Furthermore, as explained above, “ ‘[i]n a challenge to the imposition of a death sentence, the prejudice prong of the Strickland inquiry focuses on whether “the sentencer ... would have concluded that the balance of aggravating and mitigating circumstances did not warrant death.”’” Daniels v. State, 650 So.2d 544, 568 (Ala. Crim.App.1994) (quoting Stevens v. Zant, 968 F.2d 1076, 1081 (11th Cir.1992)). As the circuit court noted, at trial the State proved, and the trial court found, the existence of four aggravating circumstances: (1) that the murders were committed by a person under a sentence of imprisonment, see § 13A-5-49(1), Ala.Code 1975; (2) that Broadnax had previously been convicted of a felony involving the use or threat of violence to a person, see § 13A-5^49(2), Ala.Code 1975; (3) that the murders were committed during the course of a kidnapping, see § 13A-5-49(4), Ala.Code 1975; and (4) that the murders were especially heinous, atrocious, or cruel when compared to other capital offenses, see § 13A-5-49(8), Ala.Code 1975. We have thoroughly reviewed the record from Broadnax’s direct appeal, and we agree with the circuit court that even if evidence had been presented to the jury that Broadnax had a cognitive disorder, not otherwise specified, a receptive-expressive language disorder, a reading disorder, and a disorder of written expression, such evidence would not have altered the balance of aggravating and mitigating circumstances in this case. *1268Therefore, the circuit court also correctly-found that Broadnax failed to prove that he was prejudiced by his counsel’s decision not to have him evaluated.

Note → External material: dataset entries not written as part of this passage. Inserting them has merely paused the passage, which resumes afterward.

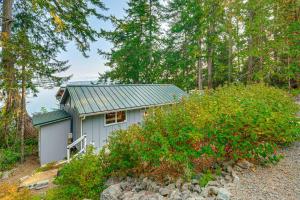 a small house in the middle of a forest at Outdoor Kitchen and Canal Views Cabin in Quilcene! in Seabeck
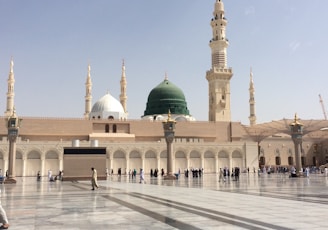 people walking outside a dome mosque building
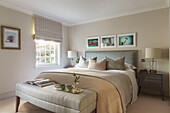 Framed prints above double bed with Roman blinds in window of London home UK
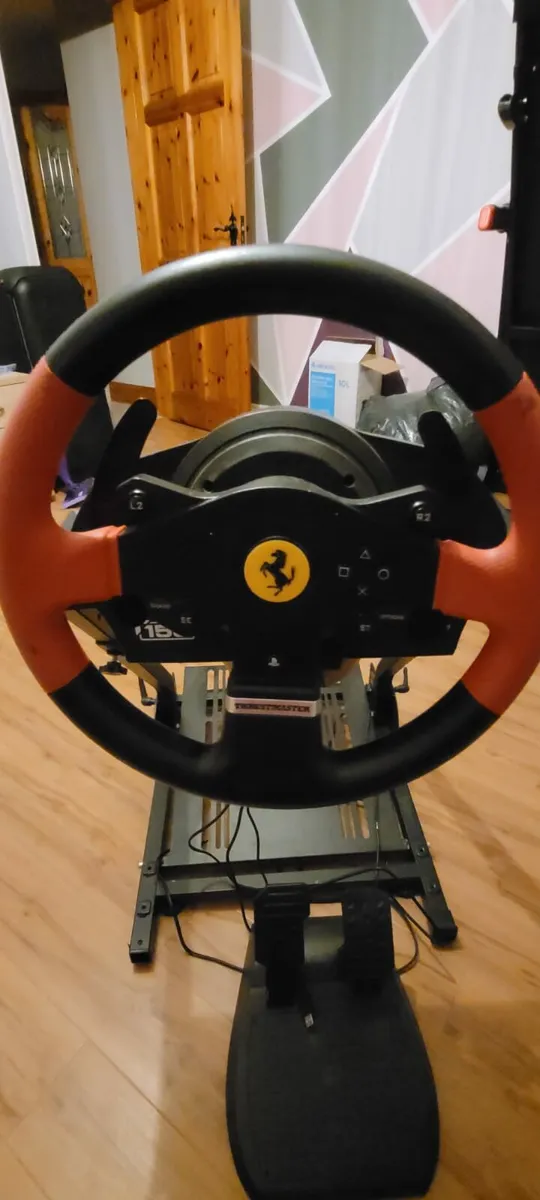 Thrustmaster T150 Ferrari steering wheel and stand - Image 1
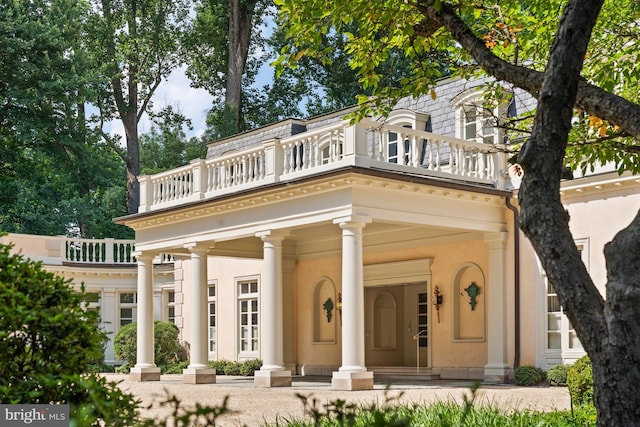 back of property featuring a balcony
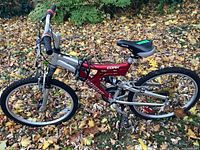 Full side view of the red and silver Infinity Cork mountain bike with Velo seat, showing the overall condition, frame, and tires flat on the leaf-covered ground.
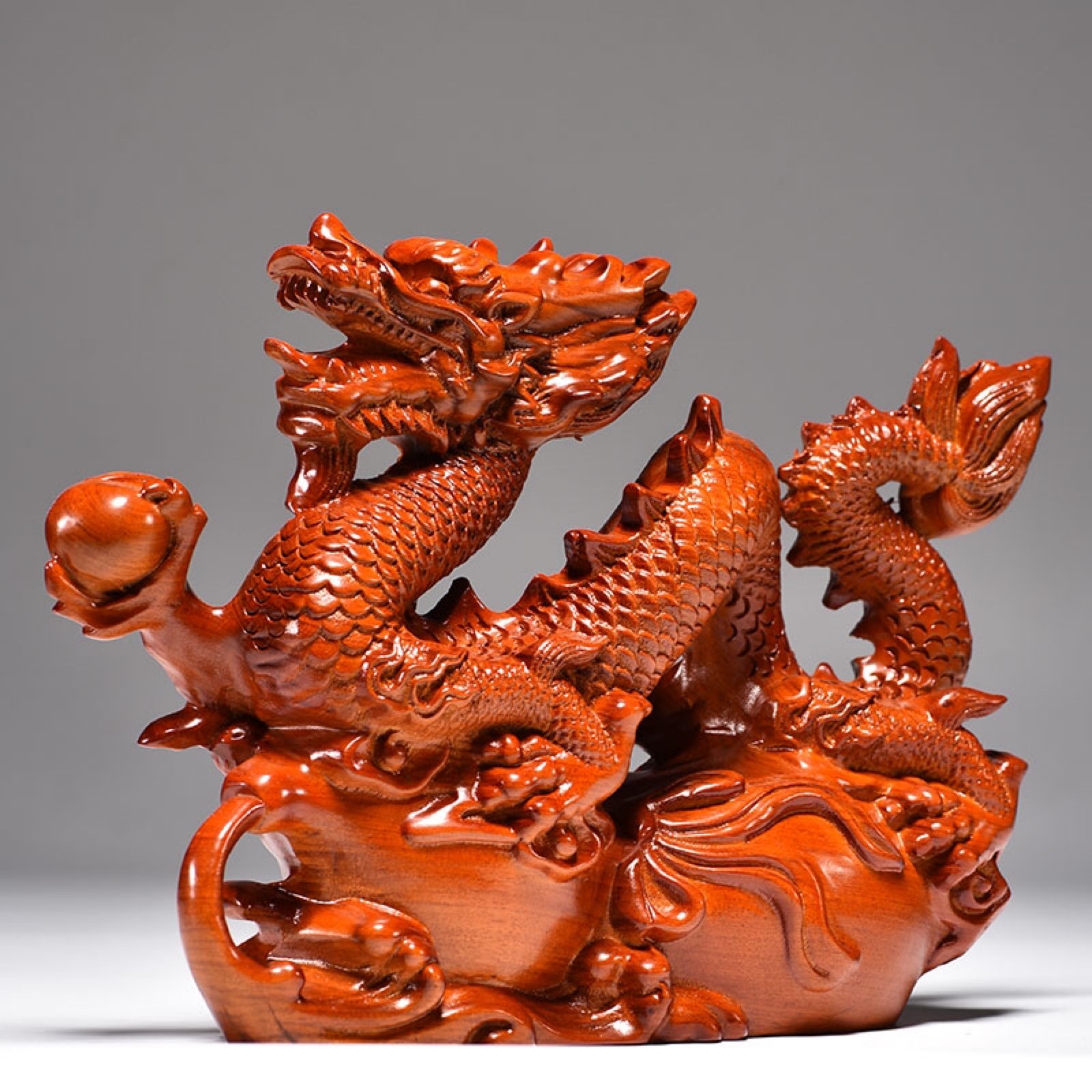 Carved wooden dragon ornaments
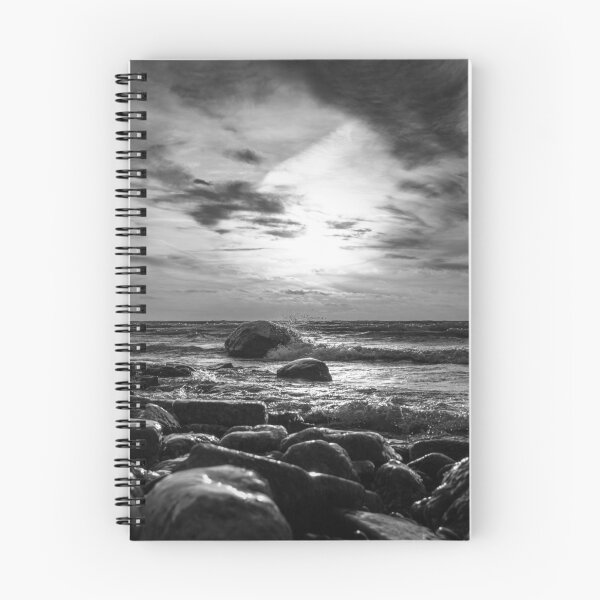 Item preview, sunrise over rocky shore of Lake Michigan in Sheboygan Wisconsin black and white designed and sold by TerraMediaLLC.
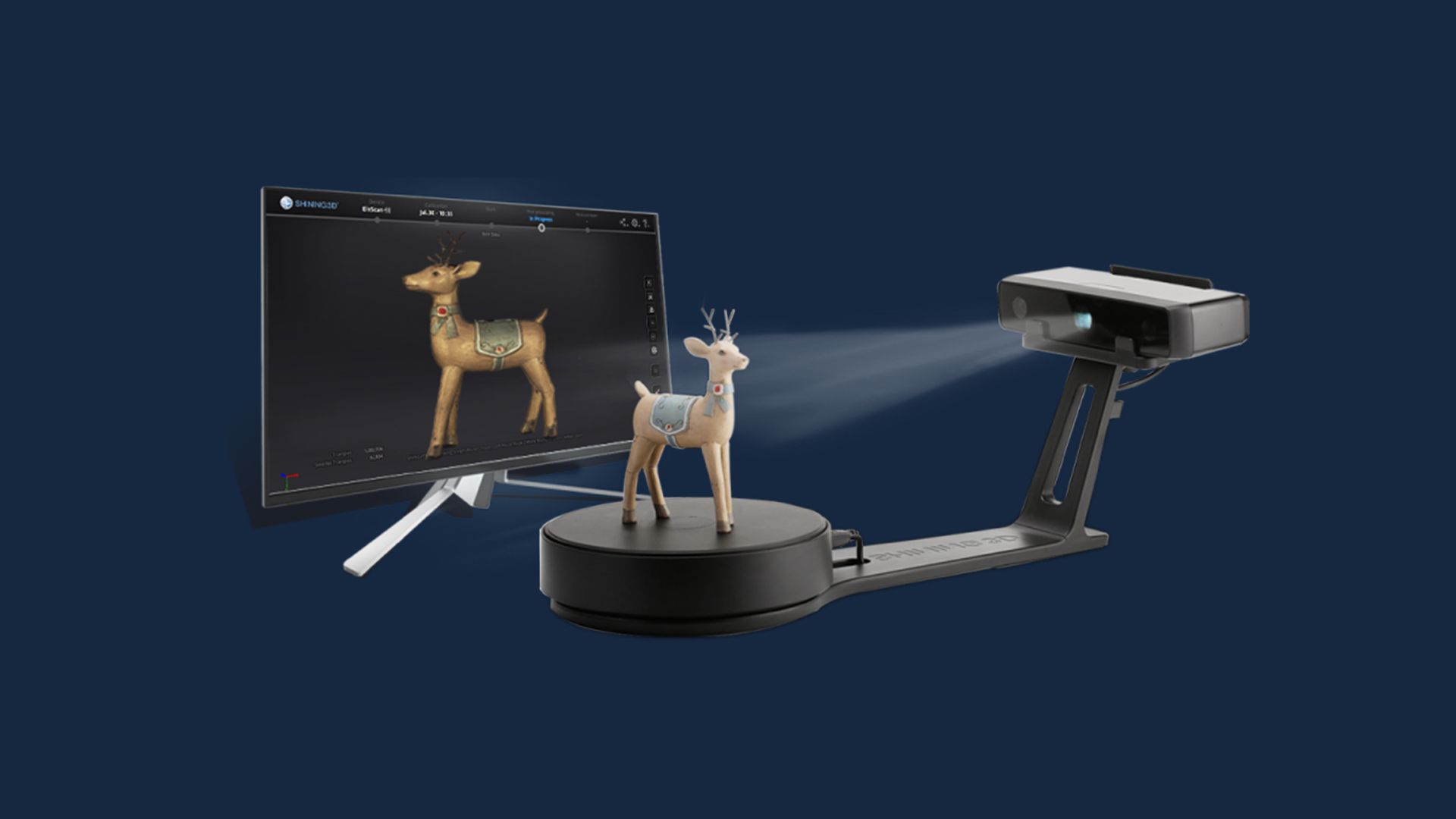 A 3D deer figurine being scanned on the EinScan SE V2 automated turntable with the 3D result shown on a connected monitor.
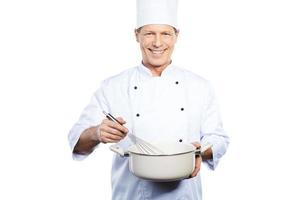 Chef at work. Cheerful mature chef in white uniform mixing something in casserole while standing against white background photo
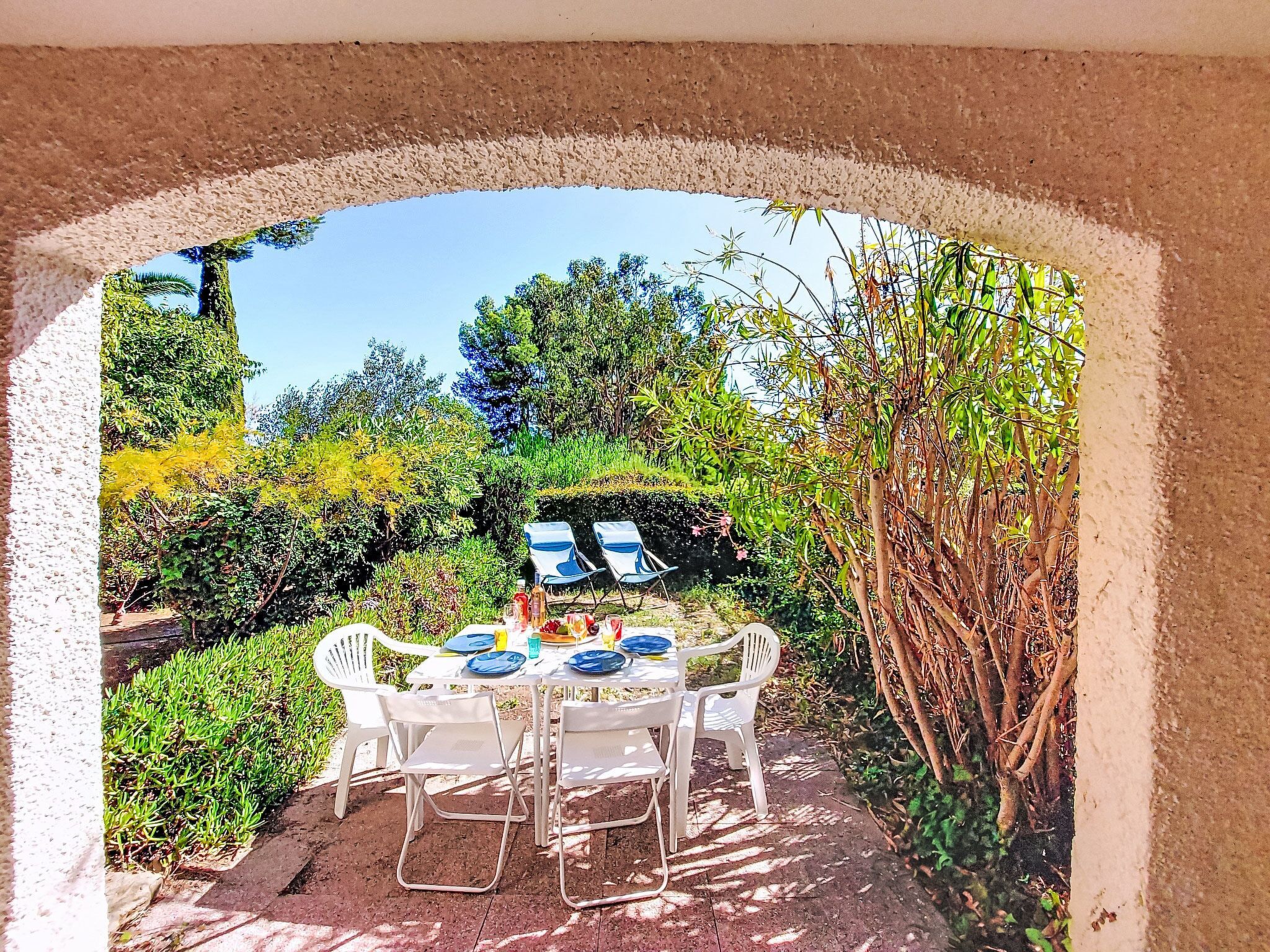 Eine Terrassengruppe im Freien mit Tisch und zwei Stühlen, umgeben von weißen Sitzgelegenheiten, unter einem steinernen Bogen.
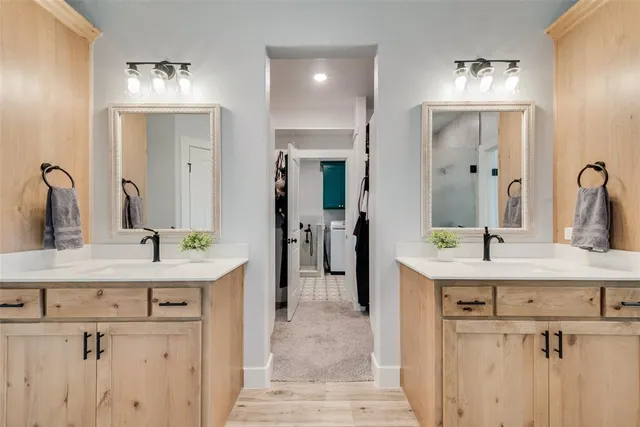 a bathroom with a sink vanity and a mirror
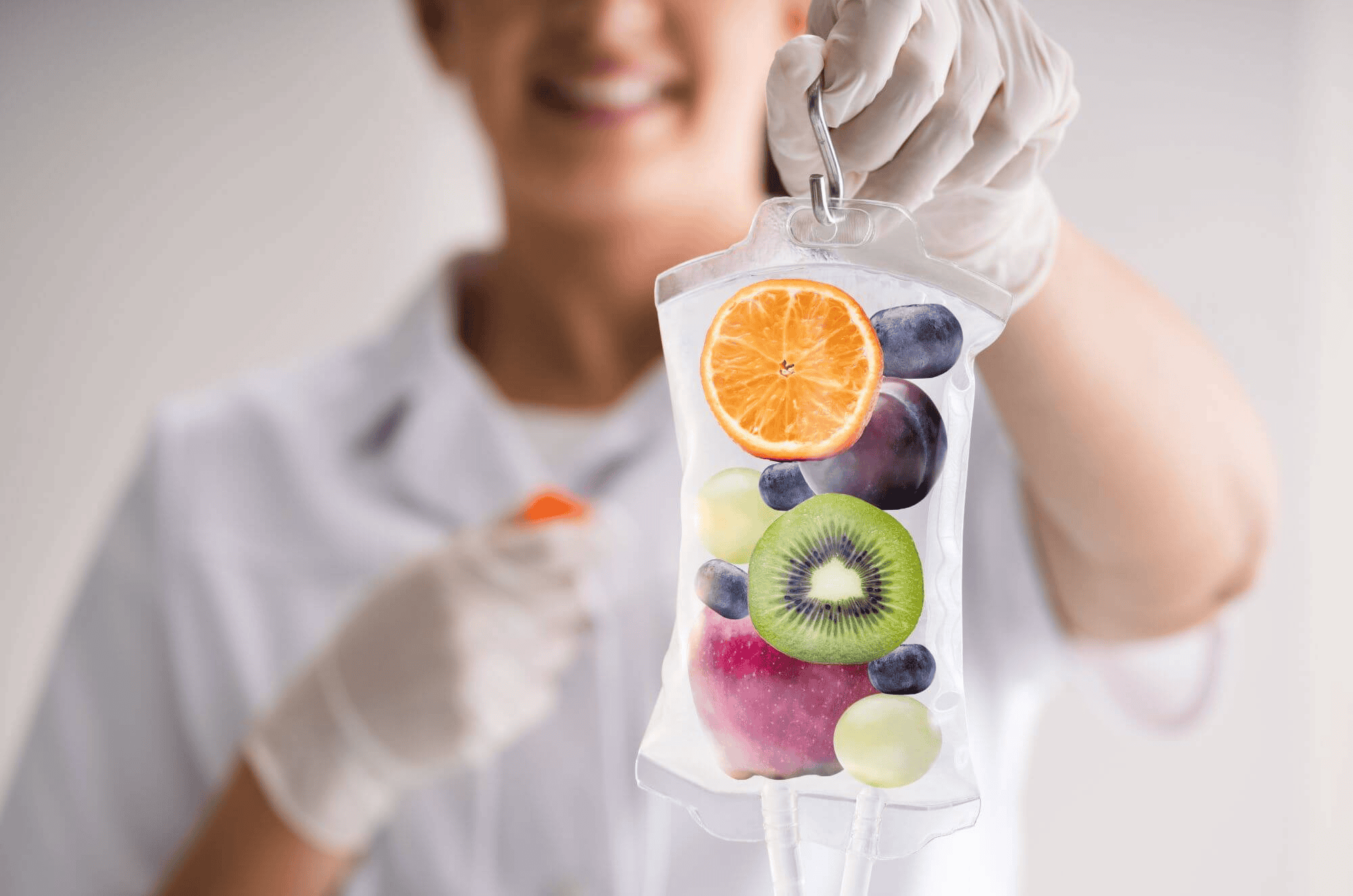 Gloved hands hold an IV bag filled with fruits like orange, kiwi, apple, grapes, and blueberries.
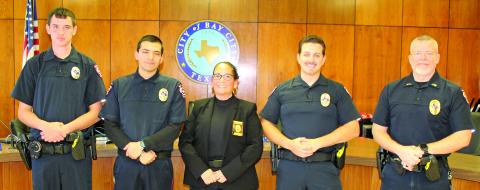 Sentinel Photo/Jessica Shepard At promotion ceremonies last week three new officers were sworn in and Sergeant Chris Hadash was pomoted to lieutenant. From left: Cody Janssen, Ryan Saucedo, Chief Christella Rodriguez, Braeden Fojtik and Hadash.
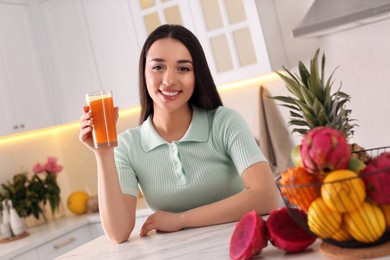 Young woman with glass of juice and exotic fruits in kitchen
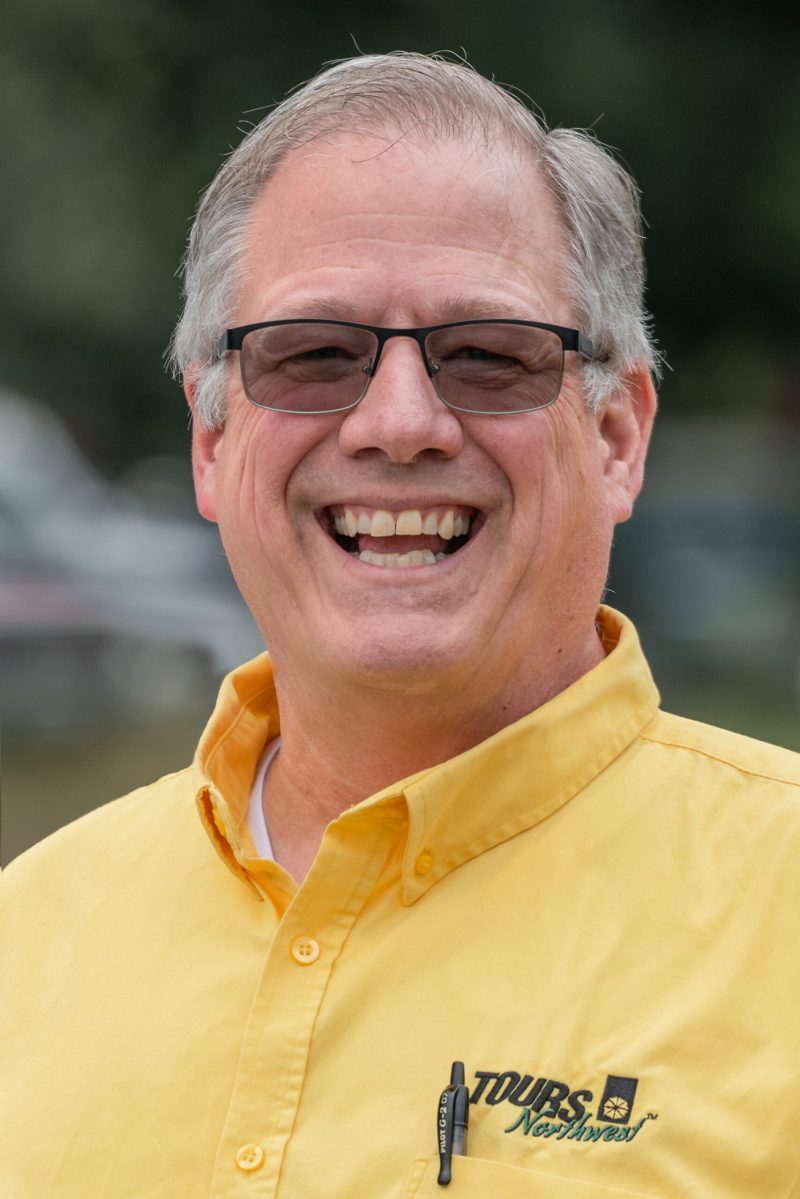 a tours northwest tour guide wearing glasses and a yellow shirt and smiling at the camera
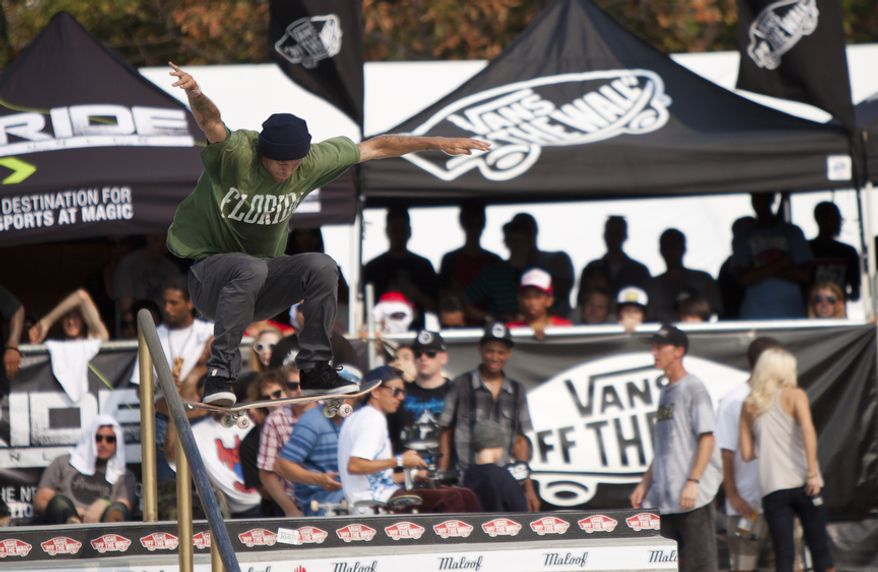 Top-seeded Andrew Reynolds of Hollywood, Calif., does a trick in midair during the final rounds of the skateboarding event. (Pratik Shah/The Washington Times)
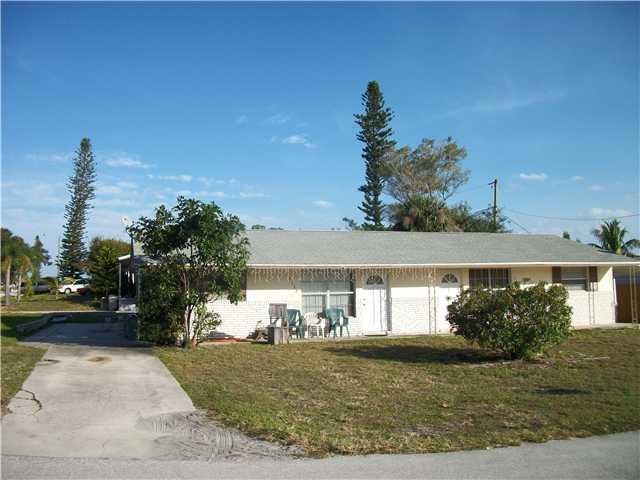 Exterior Front. 2120 Side Driveway Carport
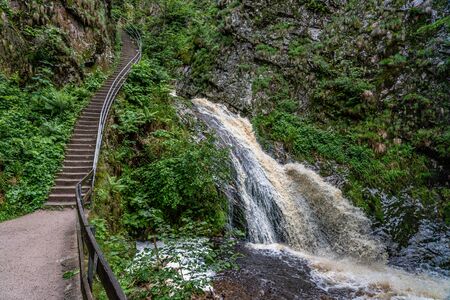 waterfall with bridge at Allerheiligen waterfall cascade in black forest, germanyの写真素材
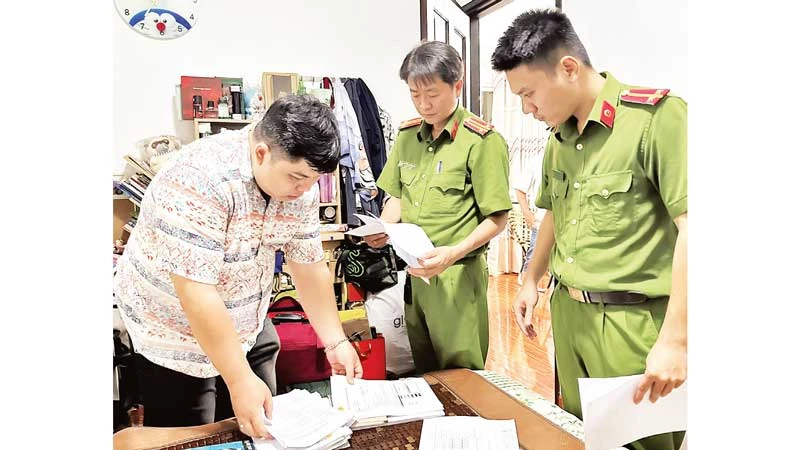 Cơ quan chức năng làm việc với một đối tượng cho vay nặng lãi. (Ảnh CTV)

For these reasons, the circuit court properly denied this claim of ineffective assistance of counsel.
IV.
In his original, first amended, and second amended petitions, Broadnax also raised numerous additional claims. However, he does not pursue in his brief on appeal any of those other claims raised in his petitions. Therefore, those claims are deemed abandoned and will not be considered by this Court. See Brownlee v. State, 666 So.2d 91, 98 (Ala.Crim.App.1995) (“We will not review issues not listed and argued in brief.”).
Based on the foregoing, the judgment of the circuit court denying Broadnax’s Rule 32 petition is affirmed.
APPLICATION FOR REHEARING OVERRULED; OPINION OF DECEMBER 14, 2012, WITHDRAWN; OPINION SUBSTITUTED; AFFIRMED.
WINDOM, P.J., and WELCH, BURKE, and JOINER, JJ., concur.